Pour l’heure, Sylvain HUET revient sur cette 7ème édition, des difficultés rencontrées et de la situation du saké en France.
L’an dernier nous avons été obligés de décaler mais ce n’était pas non plus gagné pour cette année ! (…) Ce qui était compliqué c’était de savoir si les producteurs et les régions pourraient venir. Or le Salon du Saké ne reçoit aucune subvention que ce soit par le gouvernement japonais ou par le gouvernement français. Il est entièrement autofinancé, ce qui signifie que ce sont les exposants qui permettent la tenue de cet évènement. Et s’il n’y a pas suffisamment d’exposants, il ne peut y avoir de contenu assez intéressant. Finalement, l’équilibre s’est fait.
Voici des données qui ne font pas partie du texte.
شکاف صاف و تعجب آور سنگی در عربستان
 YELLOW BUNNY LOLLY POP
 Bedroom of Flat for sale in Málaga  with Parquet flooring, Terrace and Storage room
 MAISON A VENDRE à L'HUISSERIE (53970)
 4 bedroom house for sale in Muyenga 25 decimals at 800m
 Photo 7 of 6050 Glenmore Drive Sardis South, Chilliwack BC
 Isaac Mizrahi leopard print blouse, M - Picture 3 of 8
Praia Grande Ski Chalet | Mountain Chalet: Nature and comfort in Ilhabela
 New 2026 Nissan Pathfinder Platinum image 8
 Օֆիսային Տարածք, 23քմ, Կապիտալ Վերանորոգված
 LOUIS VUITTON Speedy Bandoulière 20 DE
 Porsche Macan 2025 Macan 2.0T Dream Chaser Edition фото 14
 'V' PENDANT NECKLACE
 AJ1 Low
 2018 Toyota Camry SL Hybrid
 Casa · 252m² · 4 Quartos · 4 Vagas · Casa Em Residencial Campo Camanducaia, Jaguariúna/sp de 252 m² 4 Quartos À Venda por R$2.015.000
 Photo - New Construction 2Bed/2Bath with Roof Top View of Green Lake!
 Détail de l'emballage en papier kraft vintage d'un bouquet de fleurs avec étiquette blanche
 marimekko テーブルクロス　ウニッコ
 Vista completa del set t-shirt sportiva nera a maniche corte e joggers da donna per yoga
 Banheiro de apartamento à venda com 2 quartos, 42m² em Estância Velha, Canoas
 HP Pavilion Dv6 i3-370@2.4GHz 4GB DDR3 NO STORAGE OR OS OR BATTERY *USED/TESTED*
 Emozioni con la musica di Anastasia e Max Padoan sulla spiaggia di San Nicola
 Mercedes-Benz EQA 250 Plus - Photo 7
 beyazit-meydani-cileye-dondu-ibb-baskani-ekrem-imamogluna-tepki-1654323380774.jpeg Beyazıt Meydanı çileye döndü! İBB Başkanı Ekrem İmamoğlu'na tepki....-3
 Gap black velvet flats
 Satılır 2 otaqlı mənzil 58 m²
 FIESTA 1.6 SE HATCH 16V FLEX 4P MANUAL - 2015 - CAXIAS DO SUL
Et cette année on a eu la chance d’avoir 4 préfectures dont une pour la première fois. Hokkaido, Saga, Hiroshima et donc la première participation d’Okayama. Ce qui a agréablement surpris les exposants c’est que le visitorat est venu en nombre ce week-end, notamment les professionnels. Tant que les exposants n’avaient parfois pas suffisamment de saké à faire découvrir, ce qui veut dire qu’on a reçu plus de monde que ce qu’on imaginait ! Et quand les exposants sont contents, je suis content.
Il y a donc un effet post confinement, avec une demande des consommateurs comme des professionnels. Mais quelles sont les conséquences de la pandémie sur le marché du saké en France ?
Le marché du saké s’est comporté comme beaucoup de marchés. Si on regarde sur un laps de temps court c’est une période difficile à passer. Malheureusement les plus fragiles sont ceux qui ont le plus de difficultés parce qu’en fait, une fois que l’activité a pu reprendre, il y a eu de gros rattrapage et donc de bonnes commandes, parfois même du niveau de 2019. Le problème c’est que la situation mondiale continue d’évoluer et la pandémie a beaucoup de répercussion, sur tout ce qui touche aux transports par exemple. Les transports aériens, je pense que beaucoup de particuliers en ont conscience. Aussi le transport maritime est affecté, avec énormément de bateaux bloqués en Chine et aux Etats-Unis. Ce type de transport est le moins cher or j’ai entendu que les prix ont augmenté et donc le saké peut être difficile à faire venir et surtout les bateaux ne sont pas disponibles. Donc il peut y avoir un problème de stock, mais c’est un souci à court terme.
Sylvain HUET
Un autre secteur lié au saké est terriblement affecté, et c’est quelque chose qui avait été promu ces dernières années au Salon du Saké, c’est le saké tourisme où les voyageurs peuvent visiter des régions méconnues ou connues du Japon à travers la découverte de saké et ses producteurs. Or avec la fermeture des frontières japonaises toujours en vigueur, c’est clairement impossible. Un regret pour Sylvain HUET pour qui le saké tourisme est
une manière magnifique de découvrir ou redécouvrir le Japon, y compris des régions qu’on connait déjà. On sort des sentiers touristiques habituels. Un atout (…) même s’il manque encore les infrastructures pour accueillir les publics dans certaines régions. Pour moi c’est une manière de se redécouvrir, quand ce n’est pas du tourisme de masse, c’est une invitation de découvrir son individualité et ce qu’on a en commun dans l’échange.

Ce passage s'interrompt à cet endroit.